だから新しい年の世界では、アメリカはアメリカらしく、イギリスはイギリスらしく、そして中国やロシアもまた自国の力や意思をより明確に、国家としての独自の自主性、つまり主権の行使をより強固に発揮するということである。
しかし日本にとってはこの主権国家の主権強化も、苦手な課題だといえる。戦後の日本は戦争での惨禍への教訓などから、国家が強い主導権を発揮することに微妙だが根強い抵抗が絶えなかったといえよう。主権在民の民主主義が確立されたとはいえ、国家や政府が一定以上に強い力を行使することには、国民側の複雑な反発がちらつくことも多かった。

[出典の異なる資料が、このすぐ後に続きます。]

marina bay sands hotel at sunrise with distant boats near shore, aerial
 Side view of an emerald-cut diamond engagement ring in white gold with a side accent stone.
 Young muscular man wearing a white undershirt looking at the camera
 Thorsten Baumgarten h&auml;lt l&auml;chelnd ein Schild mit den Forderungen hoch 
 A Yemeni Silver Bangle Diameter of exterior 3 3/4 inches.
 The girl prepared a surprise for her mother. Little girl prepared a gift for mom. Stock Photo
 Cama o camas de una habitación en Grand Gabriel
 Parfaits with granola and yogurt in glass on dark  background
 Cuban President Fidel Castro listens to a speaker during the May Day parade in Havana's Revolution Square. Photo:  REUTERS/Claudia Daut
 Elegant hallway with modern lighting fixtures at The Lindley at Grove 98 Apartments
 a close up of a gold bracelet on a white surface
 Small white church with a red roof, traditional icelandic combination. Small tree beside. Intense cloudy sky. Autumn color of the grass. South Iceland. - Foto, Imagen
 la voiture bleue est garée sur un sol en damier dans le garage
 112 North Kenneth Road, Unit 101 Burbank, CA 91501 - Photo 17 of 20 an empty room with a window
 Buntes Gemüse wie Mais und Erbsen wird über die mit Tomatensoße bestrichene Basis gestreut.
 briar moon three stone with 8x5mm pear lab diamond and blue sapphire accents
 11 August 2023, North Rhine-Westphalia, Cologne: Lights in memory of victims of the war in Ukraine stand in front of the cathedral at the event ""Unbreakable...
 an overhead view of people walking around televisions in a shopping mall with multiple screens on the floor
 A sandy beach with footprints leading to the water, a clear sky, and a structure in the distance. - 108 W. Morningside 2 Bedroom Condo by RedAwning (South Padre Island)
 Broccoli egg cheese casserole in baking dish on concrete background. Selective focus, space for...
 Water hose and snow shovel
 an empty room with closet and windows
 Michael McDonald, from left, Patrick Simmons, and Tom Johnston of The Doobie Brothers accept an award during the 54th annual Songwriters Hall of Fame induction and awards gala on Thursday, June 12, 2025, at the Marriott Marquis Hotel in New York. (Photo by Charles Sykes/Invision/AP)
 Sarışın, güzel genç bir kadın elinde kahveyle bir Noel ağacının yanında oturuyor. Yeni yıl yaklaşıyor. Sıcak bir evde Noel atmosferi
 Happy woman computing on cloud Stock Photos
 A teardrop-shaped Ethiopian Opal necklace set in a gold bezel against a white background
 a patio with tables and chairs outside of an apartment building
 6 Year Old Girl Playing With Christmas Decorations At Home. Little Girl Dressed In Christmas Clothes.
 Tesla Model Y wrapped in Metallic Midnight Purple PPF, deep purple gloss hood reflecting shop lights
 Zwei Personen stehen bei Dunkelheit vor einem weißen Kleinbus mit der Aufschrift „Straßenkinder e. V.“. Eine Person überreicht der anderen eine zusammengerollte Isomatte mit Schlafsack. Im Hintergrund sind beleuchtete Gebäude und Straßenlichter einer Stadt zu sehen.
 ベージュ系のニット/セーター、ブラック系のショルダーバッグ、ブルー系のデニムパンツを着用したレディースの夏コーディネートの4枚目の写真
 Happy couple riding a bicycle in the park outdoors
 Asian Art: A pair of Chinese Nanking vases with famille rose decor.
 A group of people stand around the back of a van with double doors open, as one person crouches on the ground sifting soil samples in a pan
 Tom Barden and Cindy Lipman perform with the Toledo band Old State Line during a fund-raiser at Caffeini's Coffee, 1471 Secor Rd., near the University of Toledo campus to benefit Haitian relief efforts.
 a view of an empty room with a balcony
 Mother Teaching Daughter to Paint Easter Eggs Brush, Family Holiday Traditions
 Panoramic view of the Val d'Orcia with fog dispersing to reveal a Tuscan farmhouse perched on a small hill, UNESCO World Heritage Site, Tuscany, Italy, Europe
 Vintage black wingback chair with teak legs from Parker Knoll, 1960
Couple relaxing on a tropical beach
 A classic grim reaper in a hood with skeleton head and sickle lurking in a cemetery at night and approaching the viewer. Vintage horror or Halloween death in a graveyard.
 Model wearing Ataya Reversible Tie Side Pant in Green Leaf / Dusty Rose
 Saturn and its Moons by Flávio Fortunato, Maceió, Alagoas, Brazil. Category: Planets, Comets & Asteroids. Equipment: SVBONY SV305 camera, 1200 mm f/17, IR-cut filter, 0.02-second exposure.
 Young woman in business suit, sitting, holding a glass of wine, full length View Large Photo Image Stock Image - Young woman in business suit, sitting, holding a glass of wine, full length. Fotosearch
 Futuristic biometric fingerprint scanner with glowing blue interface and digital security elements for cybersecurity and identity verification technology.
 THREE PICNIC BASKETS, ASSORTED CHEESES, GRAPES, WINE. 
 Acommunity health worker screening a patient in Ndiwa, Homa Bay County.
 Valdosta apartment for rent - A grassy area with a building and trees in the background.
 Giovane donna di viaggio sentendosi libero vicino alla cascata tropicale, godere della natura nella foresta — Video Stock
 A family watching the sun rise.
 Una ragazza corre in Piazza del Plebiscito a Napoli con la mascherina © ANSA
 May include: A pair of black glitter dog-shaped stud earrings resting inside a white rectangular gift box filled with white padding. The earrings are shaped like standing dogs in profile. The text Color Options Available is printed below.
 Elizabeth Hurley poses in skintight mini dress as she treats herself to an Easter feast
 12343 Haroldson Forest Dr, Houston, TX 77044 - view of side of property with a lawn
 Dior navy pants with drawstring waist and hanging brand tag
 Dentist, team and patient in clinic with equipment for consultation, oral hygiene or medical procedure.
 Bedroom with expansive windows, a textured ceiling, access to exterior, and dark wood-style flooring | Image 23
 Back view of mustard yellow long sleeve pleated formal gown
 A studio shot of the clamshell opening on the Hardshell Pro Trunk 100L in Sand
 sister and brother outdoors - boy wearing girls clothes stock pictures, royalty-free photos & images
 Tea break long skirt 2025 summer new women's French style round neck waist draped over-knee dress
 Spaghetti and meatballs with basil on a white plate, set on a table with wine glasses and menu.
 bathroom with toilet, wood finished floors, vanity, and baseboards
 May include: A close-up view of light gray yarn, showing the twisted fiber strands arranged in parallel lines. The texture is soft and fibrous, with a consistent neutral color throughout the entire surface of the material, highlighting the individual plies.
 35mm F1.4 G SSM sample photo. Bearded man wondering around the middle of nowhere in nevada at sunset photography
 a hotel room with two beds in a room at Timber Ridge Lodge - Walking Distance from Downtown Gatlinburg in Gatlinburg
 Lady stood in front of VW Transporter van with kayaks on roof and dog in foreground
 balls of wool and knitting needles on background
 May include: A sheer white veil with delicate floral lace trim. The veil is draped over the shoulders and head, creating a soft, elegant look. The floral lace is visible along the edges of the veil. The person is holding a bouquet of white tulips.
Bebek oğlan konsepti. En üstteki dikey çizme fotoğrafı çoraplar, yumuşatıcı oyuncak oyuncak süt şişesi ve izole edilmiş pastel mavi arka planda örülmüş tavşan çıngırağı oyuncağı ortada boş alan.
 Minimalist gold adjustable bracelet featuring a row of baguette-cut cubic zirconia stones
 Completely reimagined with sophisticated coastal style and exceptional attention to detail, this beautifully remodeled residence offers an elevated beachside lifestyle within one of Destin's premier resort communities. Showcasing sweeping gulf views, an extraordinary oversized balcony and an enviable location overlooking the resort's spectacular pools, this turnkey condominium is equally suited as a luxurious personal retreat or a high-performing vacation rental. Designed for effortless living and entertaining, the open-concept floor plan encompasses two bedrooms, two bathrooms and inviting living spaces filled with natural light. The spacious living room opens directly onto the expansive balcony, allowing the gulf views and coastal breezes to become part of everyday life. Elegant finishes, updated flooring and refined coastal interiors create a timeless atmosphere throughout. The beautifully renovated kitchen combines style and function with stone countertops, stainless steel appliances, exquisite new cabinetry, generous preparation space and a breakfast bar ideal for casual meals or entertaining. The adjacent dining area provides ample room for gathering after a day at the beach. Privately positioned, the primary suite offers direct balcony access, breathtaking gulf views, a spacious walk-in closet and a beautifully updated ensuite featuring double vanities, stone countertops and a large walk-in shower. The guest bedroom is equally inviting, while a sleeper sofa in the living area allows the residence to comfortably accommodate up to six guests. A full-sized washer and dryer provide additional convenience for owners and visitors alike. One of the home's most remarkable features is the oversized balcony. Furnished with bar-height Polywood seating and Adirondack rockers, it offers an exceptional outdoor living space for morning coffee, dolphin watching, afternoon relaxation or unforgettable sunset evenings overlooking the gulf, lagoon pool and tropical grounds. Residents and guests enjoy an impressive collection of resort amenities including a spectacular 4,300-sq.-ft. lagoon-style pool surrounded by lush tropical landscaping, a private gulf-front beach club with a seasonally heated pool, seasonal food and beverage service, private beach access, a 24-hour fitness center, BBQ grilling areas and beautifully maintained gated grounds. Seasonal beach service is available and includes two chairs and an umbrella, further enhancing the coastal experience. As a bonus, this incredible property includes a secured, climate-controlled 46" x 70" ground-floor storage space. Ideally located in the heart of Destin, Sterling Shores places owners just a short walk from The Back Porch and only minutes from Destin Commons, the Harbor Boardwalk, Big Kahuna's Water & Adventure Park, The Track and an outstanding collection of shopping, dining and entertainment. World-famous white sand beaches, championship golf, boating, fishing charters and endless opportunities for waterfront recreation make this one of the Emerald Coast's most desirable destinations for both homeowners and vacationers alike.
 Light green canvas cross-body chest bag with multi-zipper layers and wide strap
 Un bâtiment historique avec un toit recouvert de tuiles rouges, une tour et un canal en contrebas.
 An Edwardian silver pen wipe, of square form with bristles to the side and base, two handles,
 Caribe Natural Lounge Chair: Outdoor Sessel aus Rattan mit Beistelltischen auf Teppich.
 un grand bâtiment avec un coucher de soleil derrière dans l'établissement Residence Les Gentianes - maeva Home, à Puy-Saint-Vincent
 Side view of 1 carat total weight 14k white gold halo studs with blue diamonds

日本では国家というと、連想ゲームのように国家権力という言葉がつながってくる場合が多い。国民一般の間にもそうした連想があるのだ。これは国家を国民とは一体の存在とみず、国民に対峙するような立場にあるのが国家であり、政府なのだという、ときには無意識の感覚だといえよう。
だが民主国家では国民こそが国家のあり方を決める。国家には国民を強制的に従わせる拘束力、つまり権利があるが、同時に国民を守り、その福祉に貢献するという義務も存在する。だが日本では国家のその権利の部分を強権的にみて、国民側とは距離のある存在として意識する傾向が強かったといえよう。
だが世界の現実は日本にも日本国家がより自主的な、より断固たる判断を下し、行動をとることを迫るようになってきた。
だがなお、戦後の日本での国家忌避に近い傾向を考えると、日本国が政府の主導による主権の行使を強めることは、いくら国際環境がそれを求めるとはいえ、なお幾多のハードルも予想される。